The Tour of Flanders is unpredictable – Interview with Mathieu van der Poel

Rad-Profi Mathieu van der Poel vor der Flandern-Rundfahrt

Mathieu van der Poel will contest the Tour of Flanders for the fifth time on April 2 and is one of the top favorites. Not least due to his success in the first Monument of the year Milan-Sanremo. Alpecin Cycling had the chance on Friday to ask Mathieu van der Poel a few questions before the race.

For anyone who has followed the one-day races so far this spring, it seems clear and obvious that there will be a three-way battle between Wout van Aert, Tadej Pogacar and Mathieu van der Poel at the Tour of Flanders – just like at the E3 Saxo Classic a week and a half ago.

But which of the other two pros does van der Poel consider more dangerous: “They are both dangerous in their own way. Tadej prefers to finish alone. He will try to get away on the hills. Wout is a very strong and crafty competitor in the sprint.”

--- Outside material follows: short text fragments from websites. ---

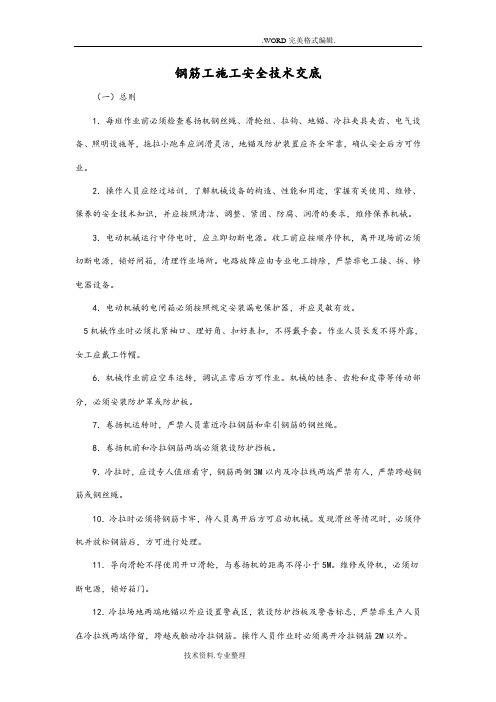 钢筋工施工总安全技术交底记录大全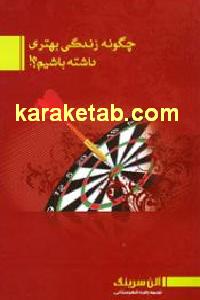 چگونه زندگی بهتری داشته باشیم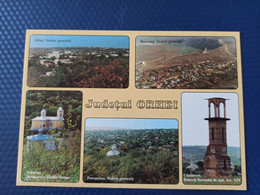 Moldova. Old Orhei. Kishinev Capital Region. Moldovan Historical And Archaeological Complex Modern Postcard - Moldavie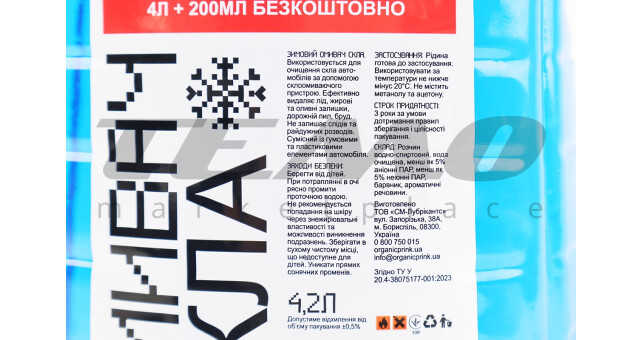 Жидкость  для чистки стекол -20&deg;С (в бачок омывателя) "Морський бриз", синяя 4,2L - фото 2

“The Tour of Flanders is unpredictable”

However, van der Poel also sees other riders who could be in contention for victory: “Before the race, I definitely won’t commit to a three-way fight. The race is unpredictable. There can be good riders who anticipate. And there can be riders who have worked differently, more purposefully towards the Ronde and can also survive the decisive passages on Sunday. It’s too easy to say that the three of us will come out on top in the end.”

Incidentally, the Dutchman thinks little of a master plan or a fixed strategy in a race like the Ronde: “We always try to adapt to the situation. You can have a great plan in advance, but you don’t know how the race will go.”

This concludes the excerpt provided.